[Stored entries]
*** Begin section ***

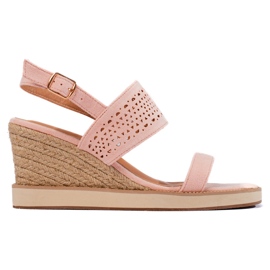 Sandali con zeppa da donna rosa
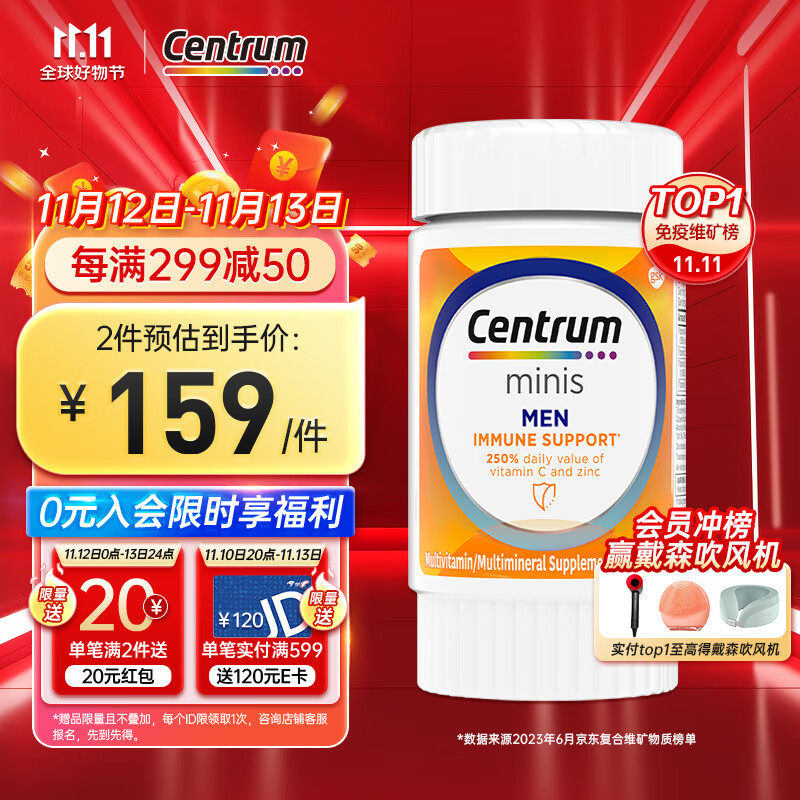 善存海外 进口善存男士免疫迷你复合维矿片160片 高含量维生素C维生素D锌硒 迷你片剂易吞咽-精选优惠专栏-全利兔-实时优惠快报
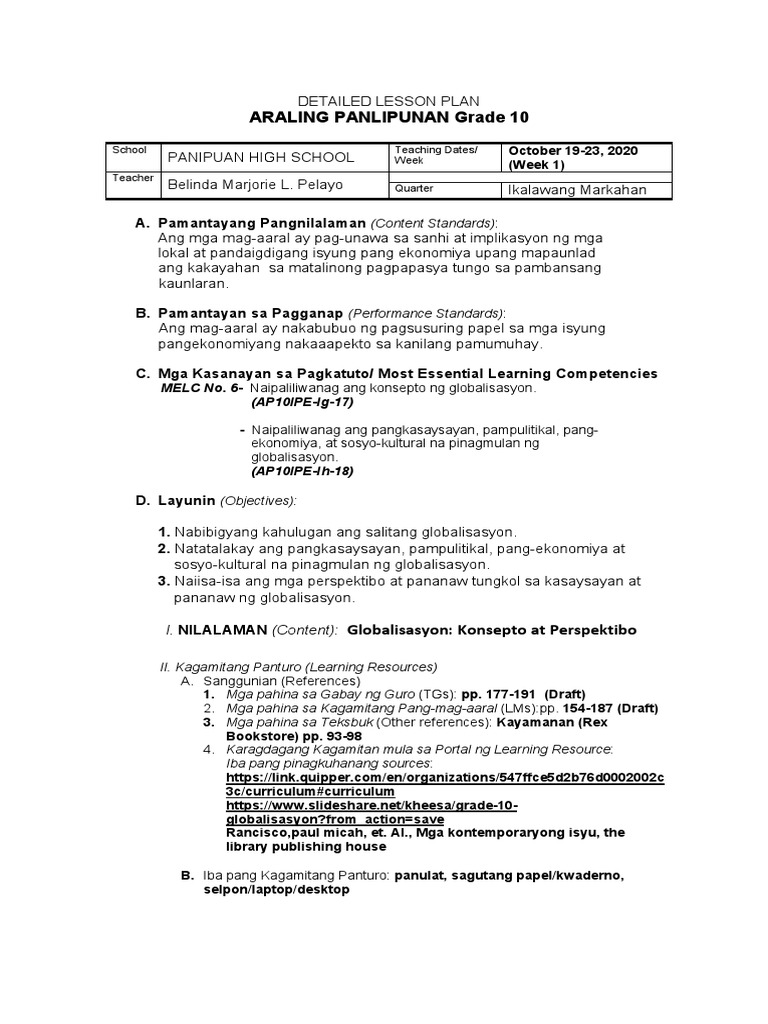 Detailed Lesson Plan Huling Bahagi Ng Kontemporaryong Isyu 1st Quarter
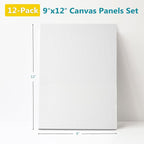 KEFF 12-Pack Bulk Canvas Boards, 9x12 Canvas for Acrylic, Oil, Watercolor, Tempera - 100% Cotton Primed Painting Canvas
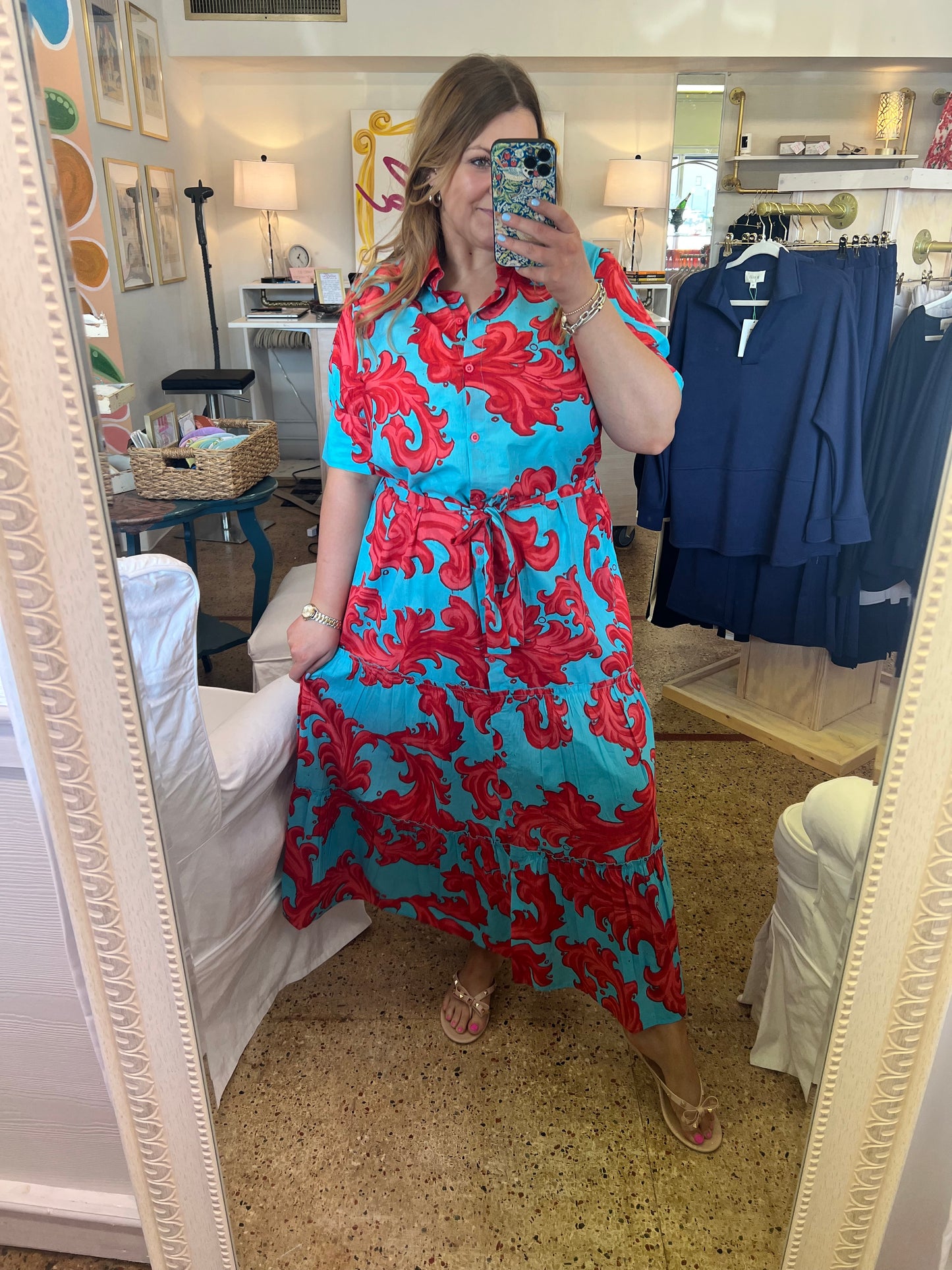 Baroque Swirl Blue Red Maxi
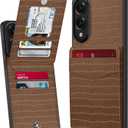 Bemal for Samsung Galaxy S25 Edge Wallet Case, Built-in Card Holder, RFID Blocking, PU Leather Kickstand, Magnetic Closure, Durable Shockproof Phone Cover for Women Men, Alligator Pattern Brown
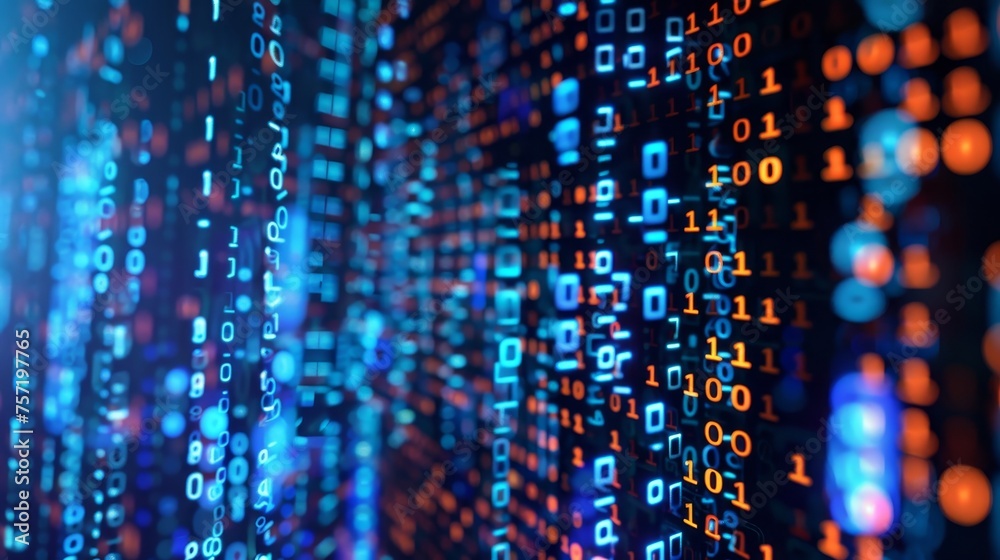 Poster Programming. Binary code. Digital transformation concept.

*** End section ***

About this task:
Exactly the lines from the line with "Bemal for Samsung" through the end of the data are to be reproduced, and no picture is to be included.

Result of this exercise:
 Bemal for Samsung Galaxy S25 Edge Wallet Case, Built-in Card Holder, RFID Blocking, PU Leather Kickstand, Magnetic Closure, Durable Shockproof Phone Cover for Women Men, Alligator Pattern Brown
 Poster Programming. Binary code. Digital transformation concept.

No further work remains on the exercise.